You have a militarist regime that boasts it's mighty warships. One of them sinks in combat. People think you might suck as a ruler. Makes sense to me.

dagas said:
I don't understand. In HoI2 two ships from different nations are identical as long as they have the same class.
In HoI2 ships from different nations share an abstract level (not class) and they have the same values based on that abstraction. A player knows they're equivalent, but not equal.
My fear with HoI3, with the ability to customize the ships, is that players and the AI will always build the biggest-and-best possible every time, so in practise that ability will result in every ship having the same guns, same engine, same hull, etc etc etc.

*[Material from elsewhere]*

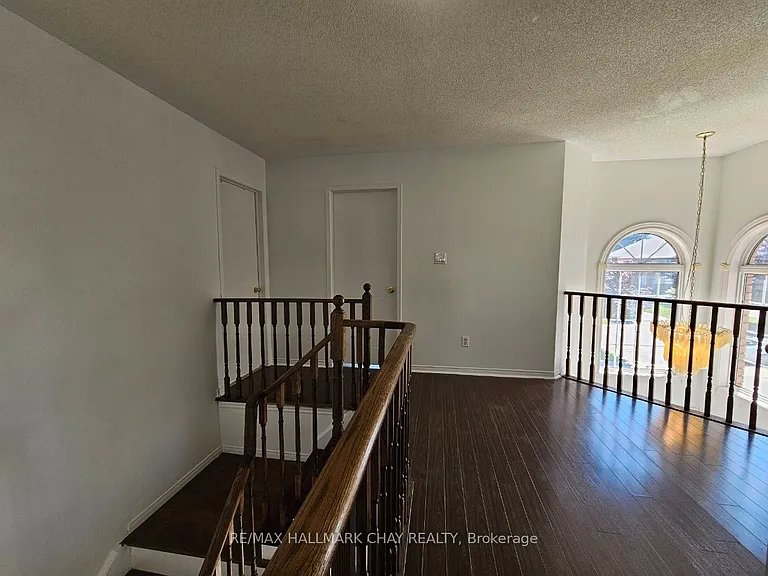 219 Wessenger Dr — Photo 17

In HoI3 they have the potential to be different because it's unlikely that we will be able to research every category fully so perhaps Germany will focus in defense and speed while UK focus on guns and range or whatever they decide which means that the ships will be different.
Perhaps, but we don't know how it will be.
Plus, in a system such as yours, and assuming the HoI2 rules on range continue to apply (Johan didn't say anything about changes there), no other characteristic but "range" would matter, so everyone would take it, unless gimping themselves on purpose, again creating an everyone-equal Navy.

Alexander Seil said:
However, the AI will certainly build according to historical specifications, plus I doubt that, given the variety of enemies, economies, technology and geography, there would still be a single clearly "optimal" design.
I'll grant you the added choices for smaller economies, but if the AI builds according to history against game-mechanics we'd just have an AI programmed to shot it's own foot in all things Naval.
 
Your right about BB-BB encounters being limited. I dont believe that is the only test of how good something is though. I compared the stats of a Iowa and Vanguard BB and there are some major differences that do make the Iowa a better BB IMO.
Vanguard- 15in 1920lb shell 2575 fps range 32,500 yard range. 30 knot 17,000km endurance and 51,000 tons displaced.
Iowa- 16in 2700lb AP shell 2690 fps 41,627 yard range. 33 knot 24,000 km endurance and 45,000 tons disp.
The interesting thing about the 16in AP shell was that its penetrating power was nearly equivalent to the 18in AP shell. That mixed with superior range, speed, and naval radar- DEADLY. I never heard of a submarine effect prob on the Iowa class. The Iowa class didnt have many problems cause the service life was over 50 years. I just dont see the Vanguard class being the best on the block. Either way, the BB was a dying breed anyway.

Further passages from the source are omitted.